Türkler, Hıristiyanlara önyargısız davrandıklarını ispat ettiler ama Hıristiyanlar bu davranışı kötü bir şekilde ödüllendirdiler. Onlar Türkiye’ye karşı duydukları antipatiyi ve Üçlü İtilâfa, bilhassa Rusya’ya duydukları sempatiyi gizlemediler. Çanakkale, İstanbul ve Erzurum’un düştüğü, Rusların Midia’ya indirme yaptıkları, ve hatta Sultan’ın Bursa’ya kaçtığı yolunda burada dolaşan saçma sapan dedikoduları da bunlar çıkardılar. Bunları Jöntürklerin sistemine ve bu sistemin liderlerine karşı planlanan komplonun ortaya çıkarılması ve Ermenilerin Van vilayetinde çıkardıkları isyan ile Ermeniler tarafından Türkiye’nin diğer bölgelerinde çıkarılan karışıklıklar izledi. Muhtemelen bu olaylar Babıâli’nin Ermenilere karşı olağanüstü tedbirler almasına sebep oldu.
24 Haziranda Ermeni komitesinin buradaki liderleri tutuklandı ve Samsun üzerinden ülkenin iç kısımlarına sürüldüler. Aynı gün bütün Ermenilerin sürgün edilmesi konusunun düşünüldüğünü ve bu olayları Ermenilere karşı kullanmak isteyen bir akımın var olduğunu öğrendim. Bunun üzerine valinin dikkatini bu konuya çektim ve ondan, Ermenilerin olası bir sürgünü halinde bunun – silahla karşılık vermeleri halinde bile – yalnızca sivil ve resmî makamlarca ve kimi sorumsuz özel şahısların devredışı bırakılması şartıyla gerçekleştirileceği yolunda kesin bir cevap aldım. Böylece 26 Haziranda Ermenilerden beş günlük bir süre sonunda ülkenin iç kısımlarına sürülmek üzere hazır olmaları istendi. Sadece hastaların kalmalarına müsaade edildi ve bunların hastanelerde kalmaları öngörüldü. Her hangi bir şey satmaları yasaktı. Dükkanlar ve depolar mühürlenecek, evlerdeki bütün eşyalar belirli noktalara getirilecek ve orada hükümetin korumasına verilecek ve ellerindeki paralar ise daha sonra taksitler halinde gönderilmek üzere postaneye teslim edilecekti.

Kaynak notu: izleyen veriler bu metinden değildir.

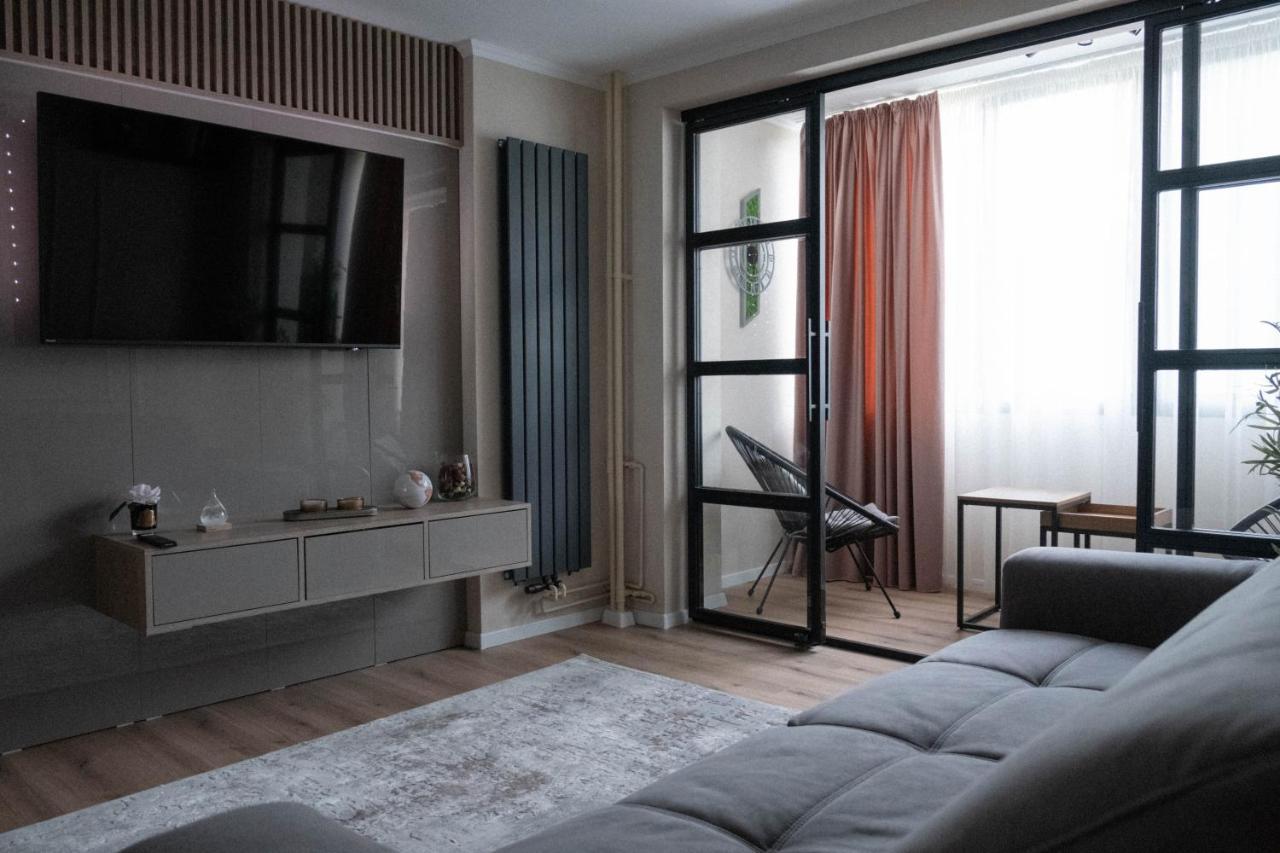 Cosy 2 Rooms Apartment In The Center Of The City Βουκουρέστι Εξωτερικό φωτογραφία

Trabzon vilayetinden bu sürgünde yaklaşık 30.000 kişi çıkarıldı. Yeterli miktarda yiyecek ve konaklama imkanının olmadığı ve ilk 300 kilometresi tamamen lekeli humma hastalığına bulaşmış bir yolda böylesi bir bir kitle transportunun, Ermenilerden, özellikle de kadın ve çocuklardan aldığı korkunç sayıdaki kurbanlar, yurt dışında ve belki Almanya’da da bu derece ileri giden tedbirlerin haklı bir eleştirisini gerektirecek durumdaydı. Bundan dolayı Almanya’nın İstanbul Büyükelçiliği’ne olay hakkında bilgi verdim ve aynı zamanda buradaki vali nezdinde sürgün şartlarının hafifletilmesi için çalıştım. Vali benim dostane ilişkiler çerçevesindeki düşüncelerimi dikkatle dinledi ve büyük oranda fikirlerime katıldığını belirtti. Bunun üzerine ilk önce şunlar deportasyondan hariç bırakıldı: 10 yaşın altındaki bütün çocuklar, dul ve yetimler ve herhangi bir erkeğin koruması altında olmayan bütün kadın ve kızlar; bunlara silah altında olan Ermenilerin aileleri de dahil oluyordu, hastalar, hamile kadınlar ve Katolik Ermeniler. Bunun haricinde hastaların ve hamile kadınların kendi evlerinde kalmalarına ve kendilerine bakmak için aile fertlerinden bir kadın veya kızın yanlarında kalmasına müsaade edildi. Çocuklar tanıdıklarının evlerinde kalabileceklerdi. Nihayet, sürgüne gönderilenlerin emniyet müdürlüğünden müsaade alarak değerli eşyalarını ve ev eşyalarını satmalarına izin verildi. Nakil işleminin ilk iki gününde bu esaslar doğrultusunda hareket edildi ve çocukların yaşları ve kadınların hastalıkları konusunda oldukça müsamaha gösterildi. Maalesef üçüncü günde, görünüşe bakılırsa İstanbul’dan [ „görünüşe bakılırsa Istanbul‘dan gelen direktifler üzerine“ ibaresi Rosenberg tarafindan dağıtım listesinden çıkartılmıştır.] gelen direktifler üzerine, çocukların kalmalarına müsaade edilmesi dışında burada elde ettiğimiz bütün istisnalar tekrar iptal edildi.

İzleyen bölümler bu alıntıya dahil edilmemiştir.